Nonostante non abbia ancora tagliato il traguardo dei 30 anni, tra le sue esperienze può vantare un periodo di studio alla Venice Voice Accademy di Los Angeles e una borsa di studio della Berklee College of Music di Boston.
La predisposizione all’eclettismo lo porta nel 2016 anche verso il jazz e alla collaborazione con Sergio Cammariere in Dopo la pioggia, poi è la volta del primo album, Generation One, a cui segue l’anno successivo l’EP UNI-VERSO.

Pop, soul, blues, hip-hop: sono queste le lingue del mondo sonoro di Ainé. Lingue che si incontrano, si scambiano e si fondono, fino a non distinguersi più, mantenendo ferma la lezione del passato, ma aprendo gli occhi sul presente e sul futuro.
Di questo talento si accorge anche Giorgia, una che con il soul ci ha giocato da sempre, e che nel 2018 coinvolge il ragazzo nel duetto di Stay, da inserire nel suo primo album di cover, Pop Heart.
Un riconoscimento importante, ma anche l’ultimo grande atto che ha anticipato l’uscita del nuovo album, Niente di me, pubblicato lo scorso 18 gennaio.
A sancire la nascita del nuovo astro del soul nostrano è anche la benedizione di Mecna, che nel disco collabora in Mostri, e Willie Peyote, ospite in Parlo piano.

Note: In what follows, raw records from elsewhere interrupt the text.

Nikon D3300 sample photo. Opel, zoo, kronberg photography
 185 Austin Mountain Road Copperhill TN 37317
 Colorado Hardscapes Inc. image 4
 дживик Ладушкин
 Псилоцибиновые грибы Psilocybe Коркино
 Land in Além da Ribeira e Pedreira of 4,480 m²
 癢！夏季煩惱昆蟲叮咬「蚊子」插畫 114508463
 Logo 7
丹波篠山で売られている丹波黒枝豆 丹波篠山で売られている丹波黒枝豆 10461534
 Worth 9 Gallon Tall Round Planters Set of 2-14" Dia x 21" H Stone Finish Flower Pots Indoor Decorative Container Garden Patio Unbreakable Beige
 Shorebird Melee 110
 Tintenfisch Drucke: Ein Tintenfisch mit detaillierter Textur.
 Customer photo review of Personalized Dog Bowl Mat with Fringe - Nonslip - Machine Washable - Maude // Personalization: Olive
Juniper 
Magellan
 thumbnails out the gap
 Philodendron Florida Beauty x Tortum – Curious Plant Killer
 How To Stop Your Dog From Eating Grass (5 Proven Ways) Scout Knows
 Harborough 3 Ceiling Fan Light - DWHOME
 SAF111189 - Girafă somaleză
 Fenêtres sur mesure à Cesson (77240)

Il tuo nuovo album si intitola Niente di me, anche se ascoltandolo sembrerebbe che tu ci sia dentro fino in fondo. Una contraddizione voluta?
E’ un po’ una provocazione, volevo lasciare al pubblico la possibilità di interpretare il titolo a seconda di come lo percepiva, vedendoci dentro tutto o niente di me stesso. La realtà è che in questo disco c’è molto di me.

Ti sei posto degli obiettivi prima di realizzarlo?
Crescendo si cambia sempre, umanamente e musicalmente. Anzi, più che in continuo cambiamento, preferisco vedermi in continua evoluzione: oggi non sono più quello che ero 6 mesi fa, e fra 6 mesi non sarò più quello che sono oggi. Con questo album ho voluto segnare il punto di partenza per un percorso nuovo del mio progetto. In tutti i miei lavori ho voluto sperimentare, perché è più divertente cimentarsi in cose nuove. Anche se i brani sono molto diversi tra loro, li accomuna il suono che ho voluto dare insieme alla mia band: volevo che ci fosse un suono “vecchio stile”, realizzato con una settimana in studio per stabilire gli arrangiamenti e poi registrato in presa diretta. La magia di questo disco sta proprio qui.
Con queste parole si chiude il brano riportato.